Positive: with perceptual_weight=1 and Pelorus side-data present, a pooled VMAF up-weights frames whose flat regions are at banding risk, which is exactly what a deband-tuning loop wants to optimise against. With the option off (default) there is zero behavioural change anywhere, including the golden pairs.
Negative: when enabled, a pooled score is no longer a plain mean of per-frame VMAF — operators must understand the weighting is active. MIN/MAX pooling is deliberately unweighted, which is a documented asymmetry.
Neutral / follow-ups: the real per-cell maps depend on vf_pelorus_analyze (plan C) landing on the Pelorus side; until then the reader runs on the frame-level-scalar degrade path (grid == 0). A future ABI-minor bump that appends fields to the banding/variance sections is absorbed transparently by the min(known_size, dir.size) read (R4).

Supply-chain impact¶

New dependencies: none. The reader is CPU-only, dependency-free C compiled into the existing libvmaf target; it consumes only the already-vendored Pelorus interop parser (ADR-1113). No Vulkan, no GPU, no new runtime/build/test dependency.
Removed dependencies: none.
Build-time fetches: none.
CVE surface delta: negligible — the new code is a bounds-checked flat-buffer reader (every per-cell map read is validated against the blob image before dereference) plus arithmetic on already-computed scores. No network/IO surface.
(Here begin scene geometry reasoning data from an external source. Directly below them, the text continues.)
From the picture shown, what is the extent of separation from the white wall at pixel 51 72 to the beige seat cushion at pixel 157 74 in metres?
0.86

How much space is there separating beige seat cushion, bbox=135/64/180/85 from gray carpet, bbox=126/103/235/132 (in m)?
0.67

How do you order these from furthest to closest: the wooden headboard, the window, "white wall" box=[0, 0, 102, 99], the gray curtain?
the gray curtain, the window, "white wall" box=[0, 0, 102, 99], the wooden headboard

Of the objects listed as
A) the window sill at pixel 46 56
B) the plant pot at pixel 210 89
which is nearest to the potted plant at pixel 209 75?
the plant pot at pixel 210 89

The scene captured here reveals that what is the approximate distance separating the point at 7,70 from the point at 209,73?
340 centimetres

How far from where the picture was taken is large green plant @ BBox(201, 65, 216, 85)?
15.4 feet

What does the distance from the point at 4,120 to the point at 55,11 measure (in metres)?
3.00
NaN/Inf inputs are clamped; the derived weight is always finite and positive.

References¶

Integration plan: .workingdir2/rc/pelorus/PLAN.md — workstream B (B1 C-API vmaf_set_perceptual_sidedata, B2 weighting in the vmaf_score_pooled path, B3 vf_libvmaf reads the blob + perceptual_weight AVOption, B4 R1–R6 compat) and the "P-DECISION RESOLVED (2026-06-14)" section recording the maintainer decision: "reader weighting = SPATIAL-POOLING WEIGHT … GOLDEN-GATE ISOLATION (mandatory): the weighting activates ONLY when (a) the vf_libvmaf perceptual_weight option is set AND (b) pelorus side-data is present on the frame."
ADR-1113 — vendored Pelorus interop ABI (the parser this reader consumes).
Pelorus ADR-0103 — interop.h ABI freeze and the R1–R6 forward/back-compat rules this reader honours.
Golden gate: CLAUDE.md §8 (Netflix golden-data gate, do not modify), python/test/ assertAlmostEqual values.